Internal links to the defintion list (indicated with an *) provide more
in-depth explanations of the terms used in this paper.
Introduction:
In recent years, Geographic Information System (GIS*) technology has become more universal. The
appearance of desktop, icon-based products has meant that the general
population will be more likely to use geospatial
data* and GIS technology (Strasser, p. 278). But even as the software
becomes easier to apply, GIS users are faced with the greater obstacle of
obtaining the digital formats of the spatial data they require to perform
their work (Strasser, p. 281).
The goal of my Digital Library Associate (DLA) project is to encourage the use of geospatial data by facilitating access to certain digital datasets at the Univeristy of Michigan Map Library.

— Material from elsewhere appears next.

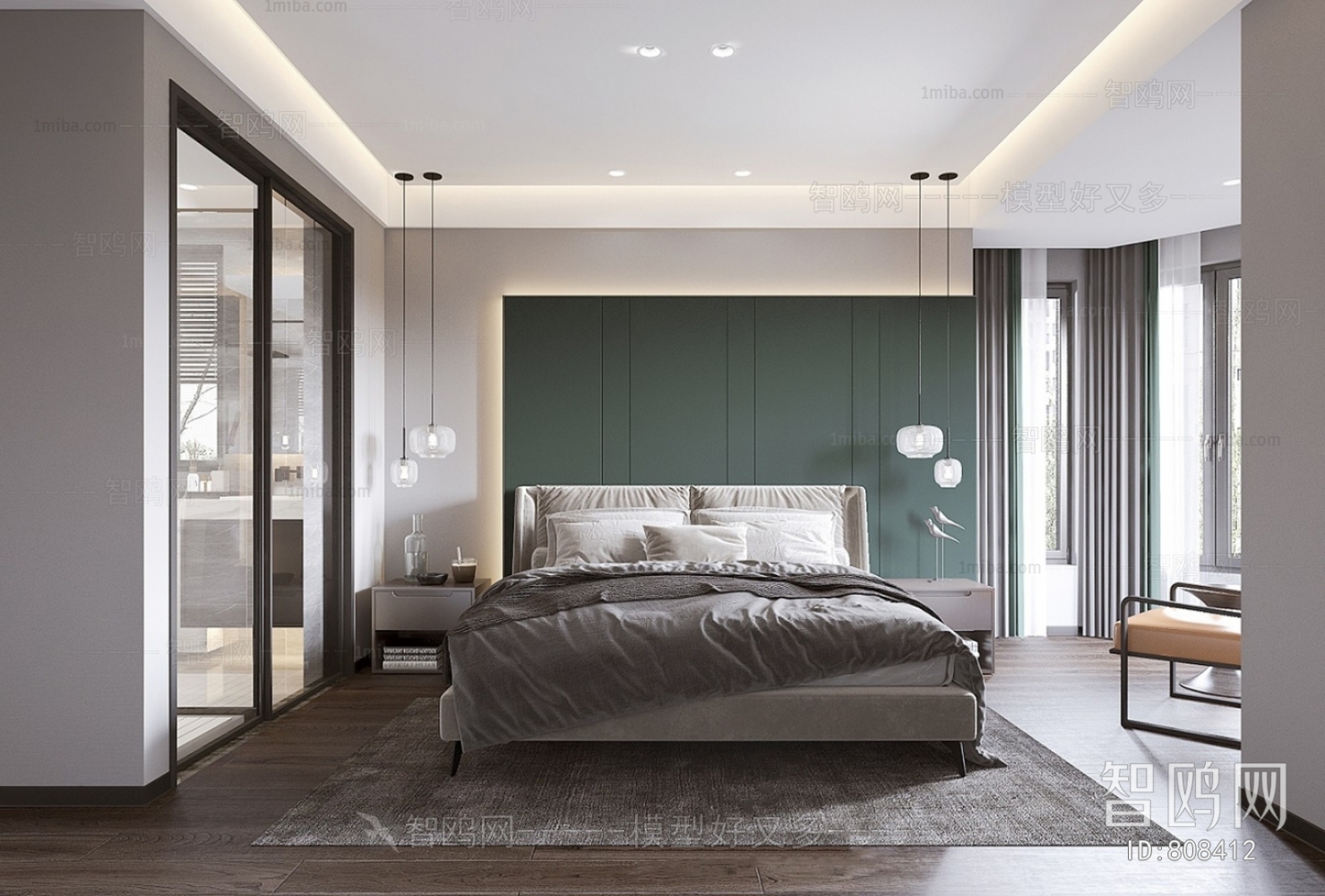 Modern Bedroom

Specifically, I created a simple interface* for using a GIS to convert Michigan land use data* into a GIS-ready* format. The program I created, called the Michigan Land Use Data Automation and Dissemination Project (MLDADP), displays a menu-interface from which Map Library patrons can customize data selection. (For a visual example of the menu interface, see interface images.) MLDADP serves as a model for two levels of application: enhancing general access to geospatial data at the University of Michigan, and promoting public access (for non-GIS experts) to this information on a larger scale, through the Internet.
Finding published material which discusses "access to digital spatial
data" is very difficult. The amount of digital information available on
the Internet is constantly expanding, and at a rapid pace. As Bergen
notes (p. 306), the World Wide Web's interactive capabilities make it an
appropriate forum for data distribution. Consequently, the medium of the
Web is the most useful repository for networking geospatial data and for
obtaining information about this process.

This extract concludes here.